*EXERCISE INSTRUCTIONS*: In the material below, begin at the line that has "8901 Whipps Cross", stop after the line that has "刘晓文到市文广旅局调研文化旅游工作", and transcribe those lines exactly, without pictures.

*INPUT RECORDS*:
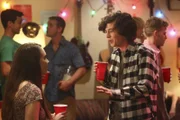 Axl (Charlie McDermott, r.)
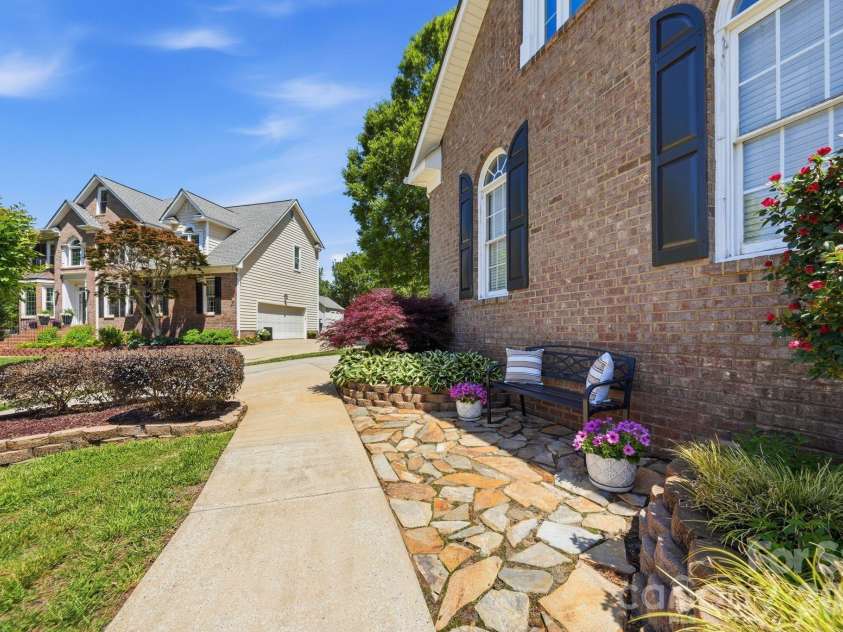 8901 Whipps Cross Court, Waxhaw, NC 28173.  MLS# CAR4377556, YatesRealty ID 20134. 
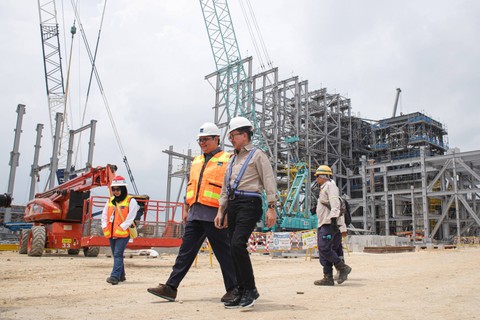 Presiden Direktur PT Freeport Indonesia Tony Wenas (Ketiga dari kiri) saat mendampingi Menko Perekonomian Airlangga Hartarto mengunjungi proyek SmelterPTFI di Gresik, Jawa Timur, Kamis (2/2/2023). Foto: Rizal Hanafi/ANTARA FOTO
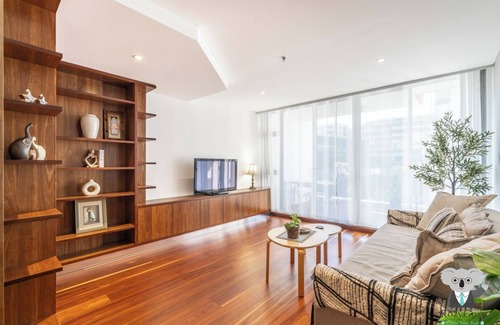 Waterloo Apartment | KozyGuru | Waterloo| Modern 2Level 2BR Apt Parking
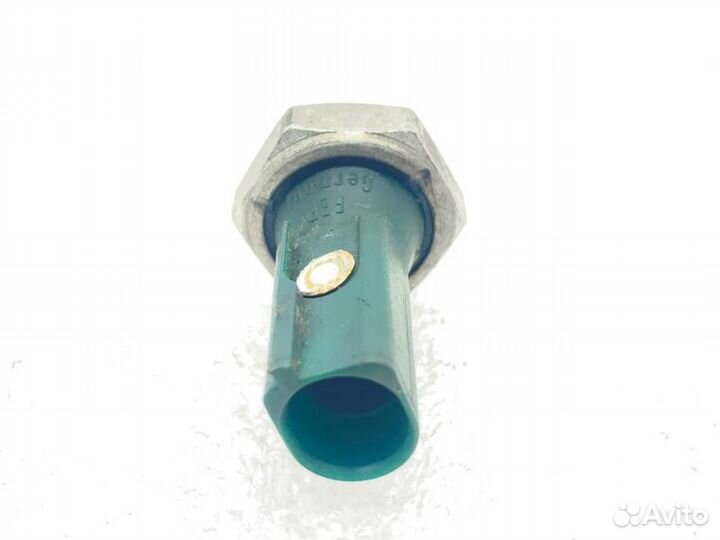 Датчик давления масла двс Volkswagen Golf 5 1.4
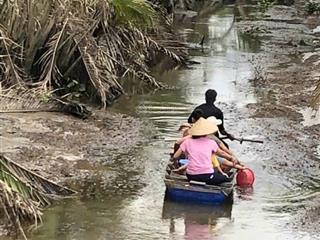 Gần sông vàm cỏ đông bên kia là waterpoint bến du thuyền rất đẹp, đất vườn giá rẻ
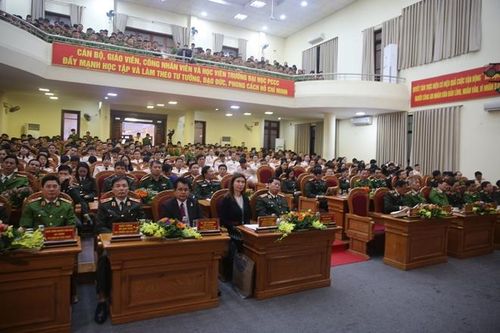 Đại học PCCC khai giảng năm học mới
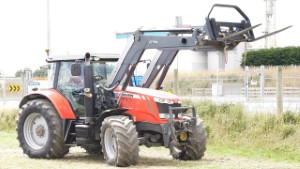2013-14 Massey Ferguson 7615 Tractor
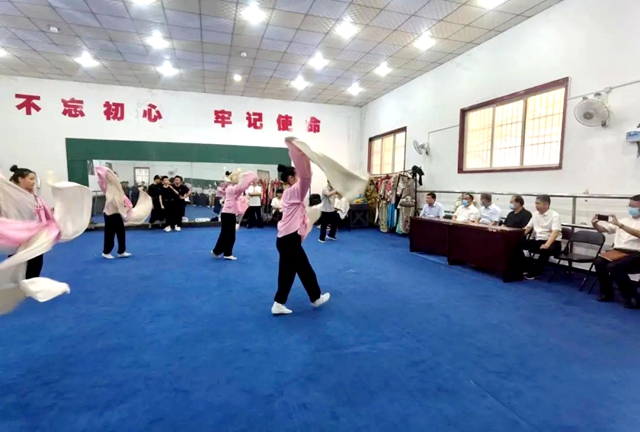 刘晓文到市文广旅局调研文化旅游工作
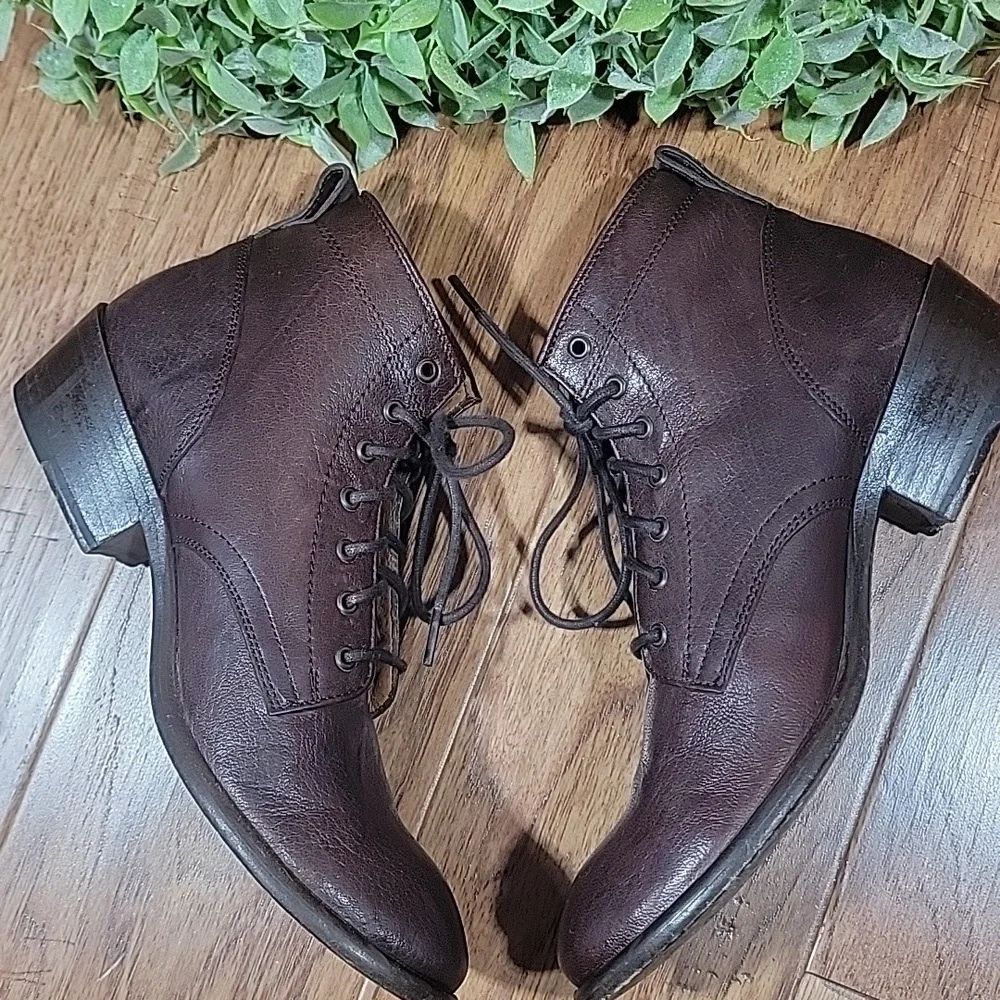 Vintage Frye Carson Dark Brown Leather Lace Up Booties - Picture 1 of 16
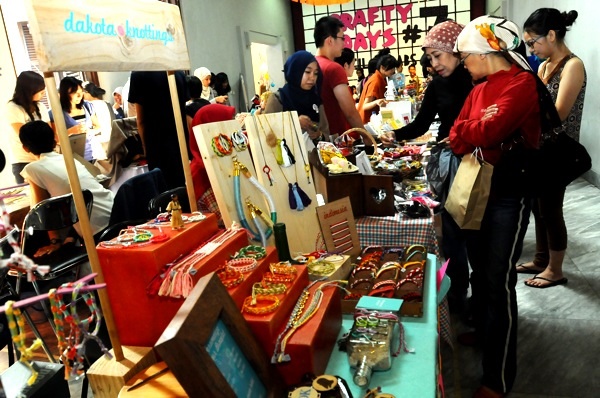  FOTO: Berburu Handmade di Crafty Days Tobucil &amp; Klabs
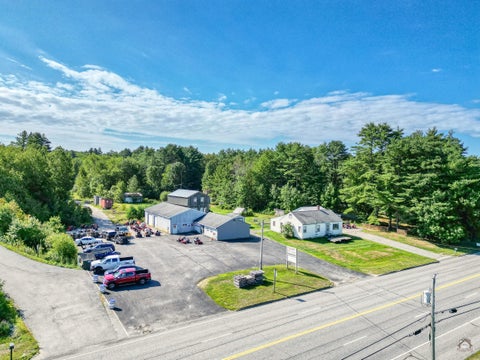 Photo of 1334 Minot Avenue, Auburn, ME 04210 (MLS # 1678157)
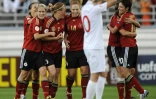 La joie de la milieu de terrain allemande Kim Kulig (c), félicité par ses coéquipières, après avoir marqué contre l'Angleterre, en finale de l'Euro, le 10 septembre 2009 au Stade Olympique d'Helsinki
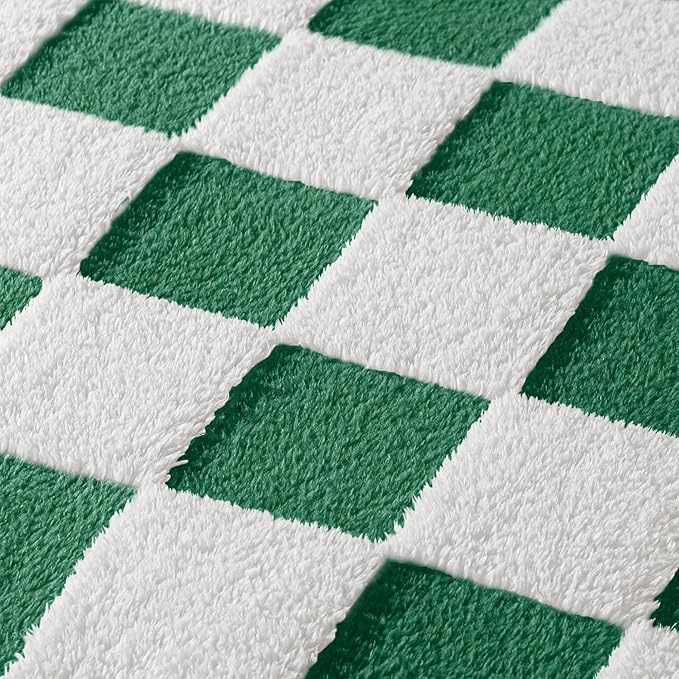 Exclusivo Mezcla Checkered Throw Blanket, Super Soft and Warm Fluffy Fleece Blanket for Couch, Sofa, Bed, Cute Plaid Pattern, Green, 50" x 60"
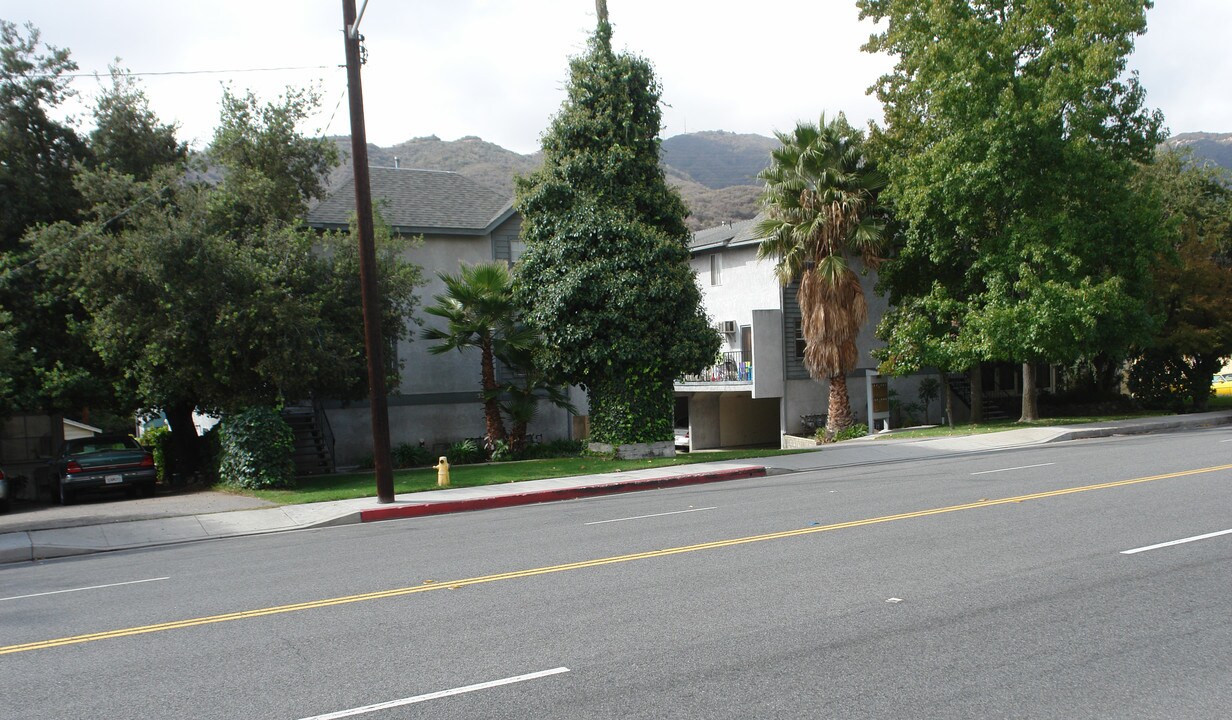 3320 Honolulu Ave in La Crescenta, CA - Foto de edificio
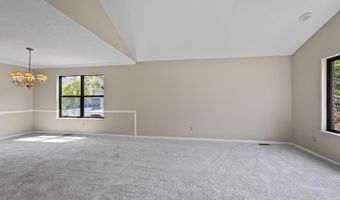 8240 Woodglen Dr, Anderson Twp., OH 45255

*TASK OUTPUT*:
 8901 Whipps Cross Court, Waxhaw, NC 28173.  MLS# CAR4377556, YatesRealty ID 20134. 
 Presiden Direktur PT Freeport Indonesia Tony Wenas (Ketiga dari kiri) saat mendampingi Menko Perekonomian Airlangga Hartarto mengunjungi proyek SmelterPTFI di Gresik, Jawa Timur, Kamis (2/2/2023). Foto: Rizal Hanafi/ANTARA FOTO
 Waterloo Apartment | KozyGuru | Waterloo| Modern 2Level 2BR Apt Parking
 Датчик давления масла двс Volkswagen Golf 5 1.4
 Gần sông vàm cỏ đông bên kia là waterpoint bến du thuyền rất đẹp, đất vườn giá rẻ
 Đại học PCCC khai giảng năm học mới
2013-14 Massey Ferguson 7615 Tractor
 刘晓文到市文广旅局调研文化旅游工作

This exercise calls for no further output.